If you spend the night in San Agustín del Valle Fértil in the Province of San Juan, you can visit Ischigualasto Provincial Park, also known as Valle de la Luna, where there was a lake millions of years ago, and today, plant, dinosaur and other animal fossils can be found.

Quebrada de Humahuaca

If you go north of San Salvador de Jujuy, you reach this natural path leading up to the high plateau. Colorful landscapes are the perfect background for this patchwork of small villages, which are sprinkled with adobe houses, historical chapels, and Pre-Hispanic ruins. Time seems to have stopped in the Quebrada de Humahuaca (Humahuaca Gorge). One of the most beautiful towns in this region is Purmamarca, an indigenous little village surrounded by the Cerro de los Siete Colores (Hill of the Seven Colors), which, on its colorful strata, reflects the different geological ages. Further North, in Maimará, you will come across "La Paleta del Pintor" (The Painter's Palette), a stretch of land where mountains are "painted” with fringes of different colors. One of the main attractions in this gorge is the Pucará of Tilcara, a pre-Columbian fortified city built by the native American Omaguaca people. Every June 21, the day of the winter solstice, people gather by the Monolith of the Tropic of Capricorn to celebrate the Inti Raymi (Sun Festival), an ancient Aymará celebration carried out to welcome the new farming cycle. Humahuaca was founded by the Spaniards by the end of the 16th Century. Its church and the Museo Folklórico Regional (Regional Folkloric Museum) provide a complex overview on the uses and customs of the region. 12 Km from Humahuaca, you can visit the mysterious ruins of the Coctaca farming terraces, where you will be met by a checkerboard pattern of pircas, or stone walls. Quebrada de Humahuaca (Province of Jujuy) was declared World Cultural Landscape by UNESCO on July 2, 2003.

Salta and the "Tren a las Nubes" (Railway to the Clouds)

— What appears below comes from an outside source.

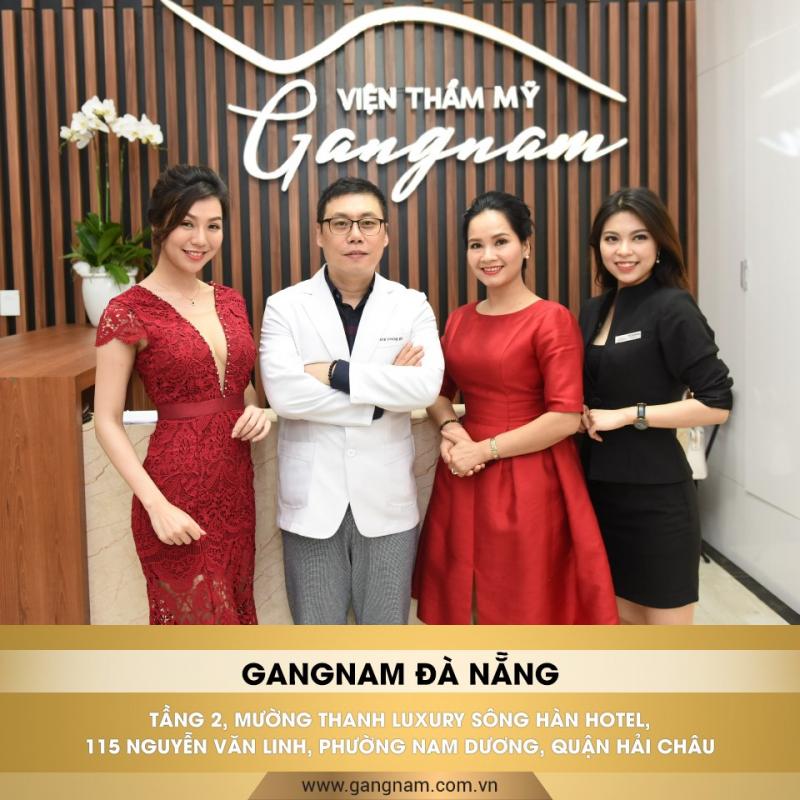 Thẩm mỹ viện Mega Gangnam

Running down Cuesta del Obispo we reach Valley of Lerma dominated by Salta "la linda" (the pretty one), which is probably the town with the largest number of colonial remains in the whole country. Here is where the Train to the Clouds starts its journey up the mountains, which will end in San Antonio de los Cobres, 4,200 metres above sea level and 163 Km away from Salta.

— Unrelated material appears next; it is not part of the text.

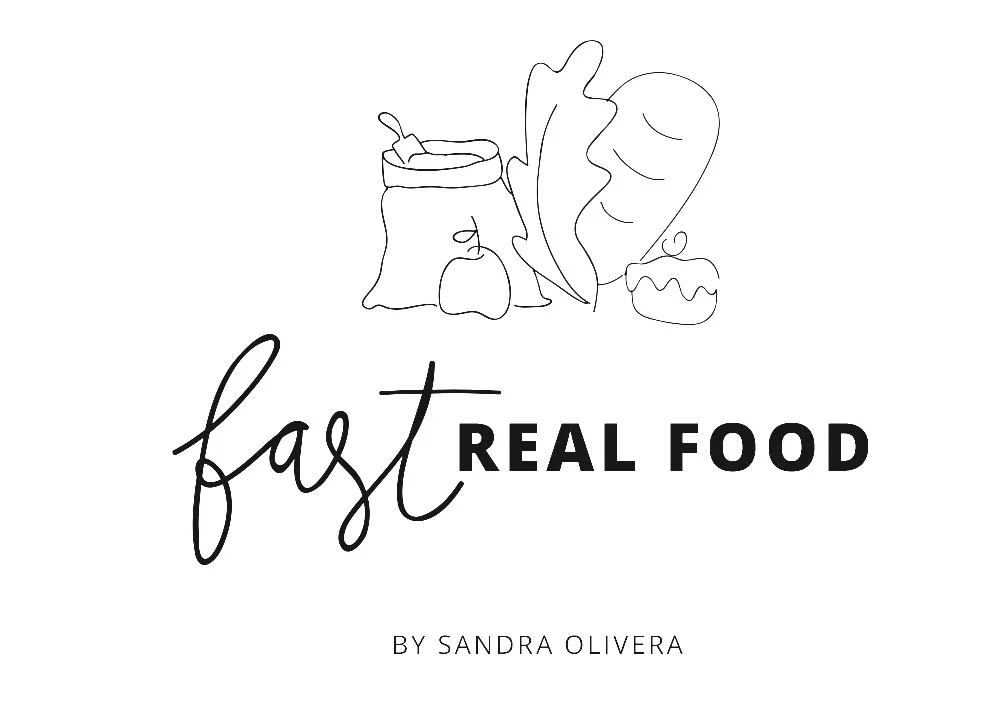 FAST REAL FOOD BY SANDRA OLIVERA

Cataratas de Iguazú (Iguazú Falls)

The Iguazú National Park, located at eighteen kilometres from Puerto Iguazú, was declared Natural Heritage of Humanity by UNESCO. The famous falls are inside this Park. The deep flowing waters of the river fall from a height of 70 metres through 275 falls over 2.7 Km. The frontier with Brazil goes through the Garganta del Diablo (Devil's Throat) where the falling water gives the illusion of magic rainbows. The National Park is full of the exotic subtropical vegetation which surrounds the falls and has 2,000 plant species - gigantic trees, ferns, lianas, orchids, - 400 bird species - parrots, hummingbirds, toucans - jaguars and yacarés (caimans).

Patagonia

The Andean Mountain Range displays all its greatness in the Patagonian provinces. Thousand-year-old silent forests with native vegetation extend to the banks of the lagoons. On mountain tops, nature overflows in granite needles and icy fields brimming with glaciers in lakes of unique beauty. The paintings on the sides of the Cueva de las Manos (Cave of the Hands) have survived for about 10,000 years, and embody the oldest expression of the South American peoples. Imposing mammals and sea birds go through some rough seasons on the Patagonian coasts where they spend part of their life cycle. Colonies of sea lions play and rest on small islands and sandbars. Southern elephant seals have their greatest continental station in the world on Península Valdés. Nuevo and San José gulfs, separated by Carlos Ameghino isthmus, bear witness to the arrival of the Southern Right Whale, which punctually gets there for giving birth and breeding. Creole hares, rheas and guanacos (a lowland relative of the upper-Andean llama) run through the plains, and in Punta Tombo the largest colony of Maguellanic penguins nests. The amazed look of the visitor beholds this cadence that has been repeating itself since time immemorial. Farther south, you should visit Tierra del Fuego and Ushuaia— the latter being the southern-most city in the world. They are both an open door to the immense solitude of mysterious Antarctica.